If the chipouts aren't too severe, touch-up paint may hide it just enough to not be an eyesore.
If it's a solid color, you may be able to find some suitable melamine paint, which is quite tough, and will match pretty well.
I have some white melamine paint I use for minor touchups (eg: "seconds" countertop used in a craft room).
Otherwise, model airplane paint is probably the most economical way to do it, and it'll be reasonably tough.
If paint alone isn't enough:
Some wood fillers _may_ work, but you'd have to experiment.
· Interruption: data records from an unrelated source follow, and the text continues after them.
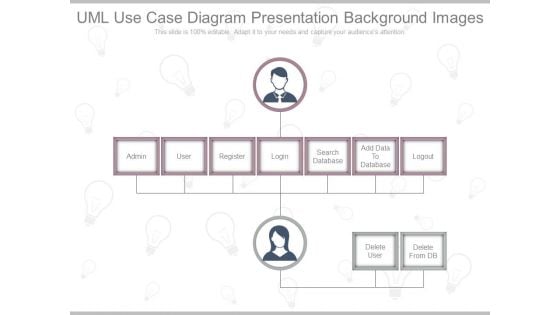 Uml Use Case Diagram Presentation Background Images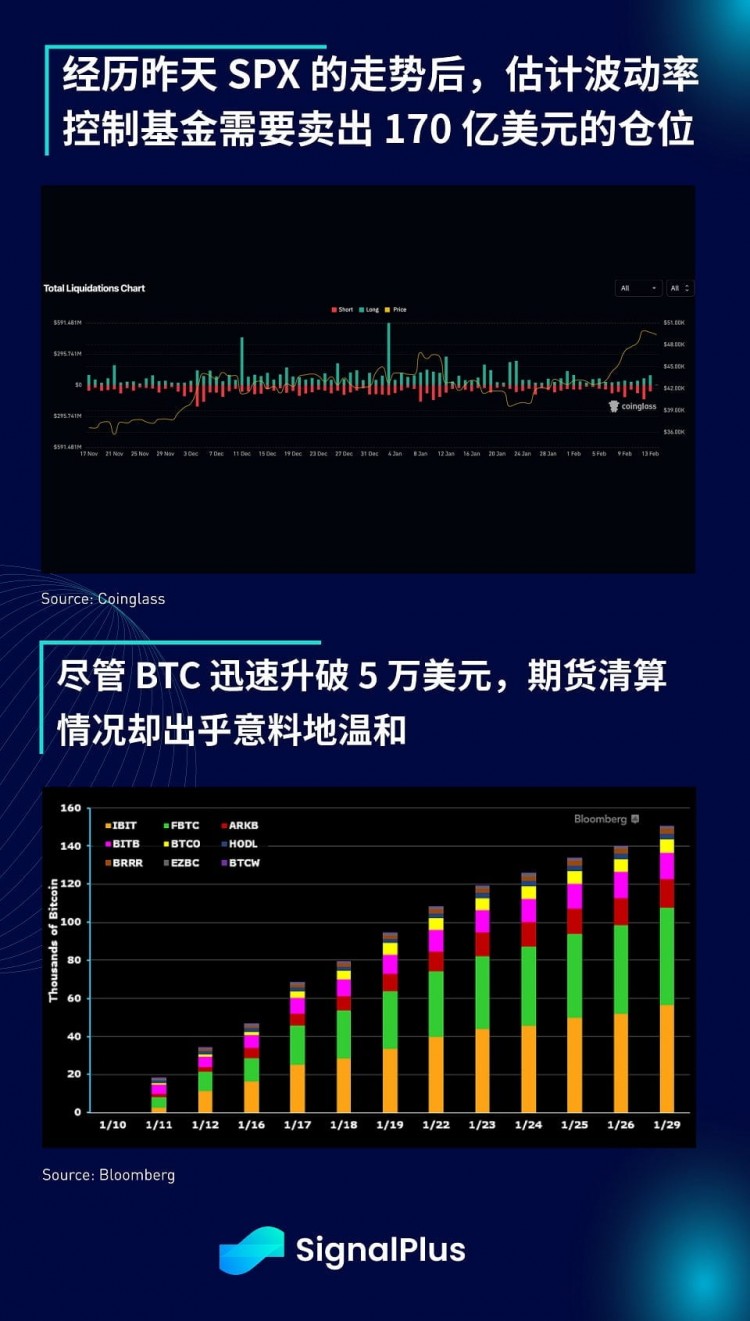 SIGNALPLUS宏观分析20240214SPX创历史新高放大数据令市场恐慌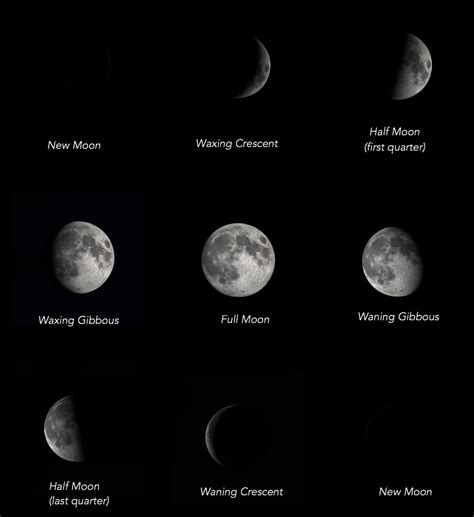 Waxing Crescent Moon Phase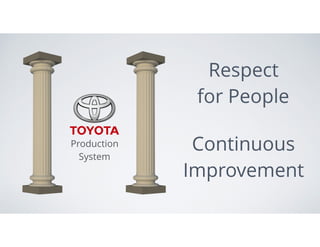 Respect
for People
Continuous
Improvement
Production
System
 
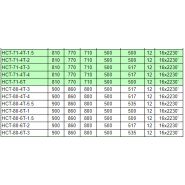 Hct-80-4t-3/atex - ventilateur hélicoïdal ATEX - 29500 m³/h - Récirculation d'air - Recer_3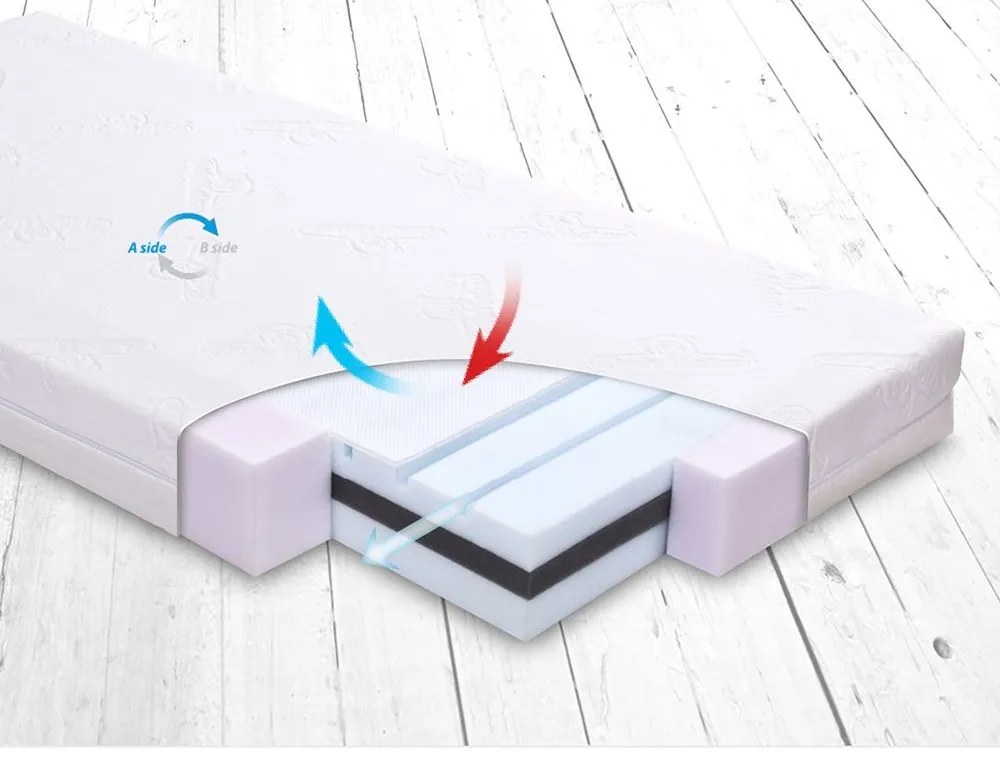 Baby Matex - Матрак Fresh двулицев 0345 120x60x10 cm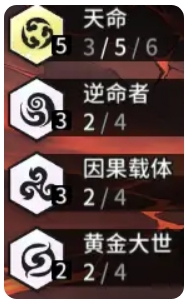 遮天凡尘一叶中的天命阵容详解
遮天凡尘一叶中的天命阵容详解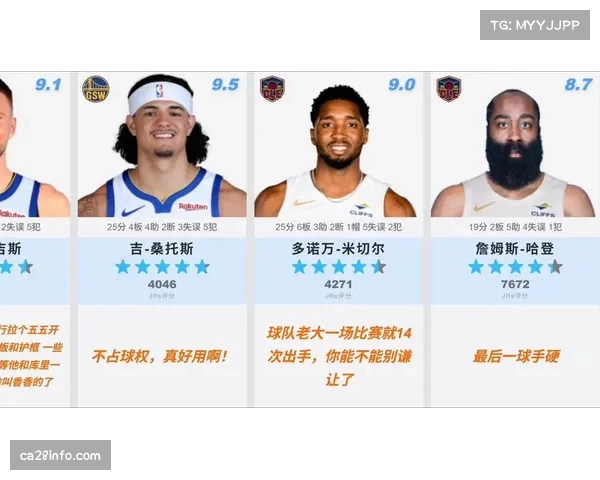 勇士111-118不敌骑士,库里休战残阵难敌对手 勇士111-118不敌骑士,库里休战残阵难敌对手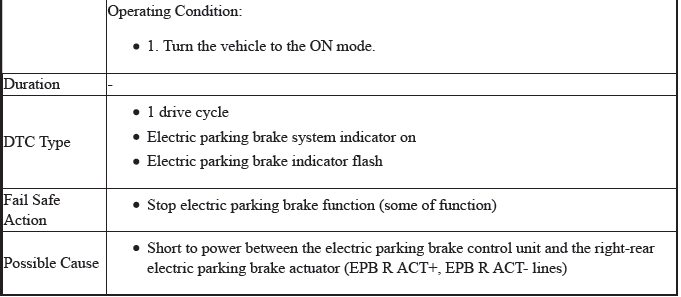 VSA System - Diagnostics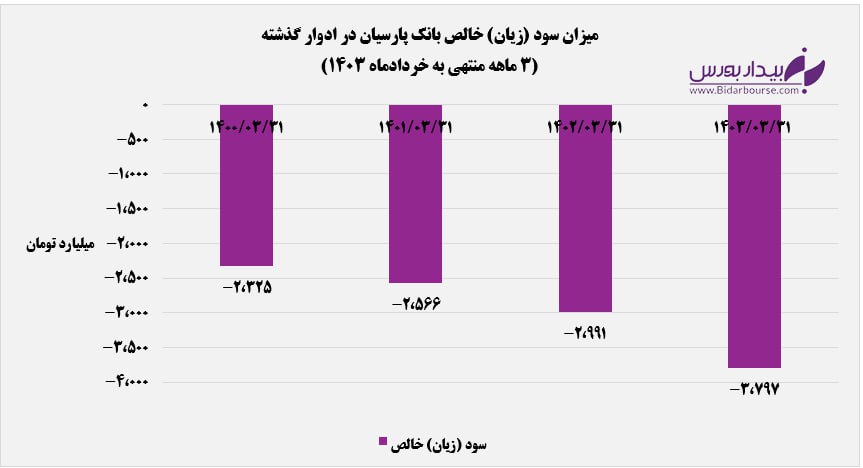 چشمک ماده ۱۴۱ قانون تجارت به بانک پارسیان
I'm partial to using epoxy for this sort of repair. Since we use epoxy for various things, we have good quality stuff on hand (eg: West Systems) which I'd thicken up with silica filler (West Systems is pretty runny). You could probably get away with 5 minute epoxy without the filler if you make up a "dam" (popcicle stick) lined with, say, plastic from zip lock bags to keep it from dribbling off. You may need to sand or file the result.
Provided that the result is properly painted, you could use fine sawdust as filler.
[With West, you'd mix filler:epoxy about 3:1. 5 minute would need less filler, but you have to work fast.]
Then paint.
Lee Valley (and I assume others) carry a two part compound called "Raycrete". Specifically intended as a repair material for gouges/voids in wood etc. Eg: reconstituting rot-damaged exterior trim. This is really good stuff, but the minimum size is a lot bigger than you need, and this stuff ain't cheap.
West Systems has a small "repair/sample" kit. Intended as a sample, or for very small repairs - about $10. Silica filler (eg: from suppliers for automotive body or marine shops) is really cheap stuff, but minimum quantities are about 500ml.
Oh, heck, Bondo or a tube of automotive glazing compound would also do the job, and be about the easiest to find.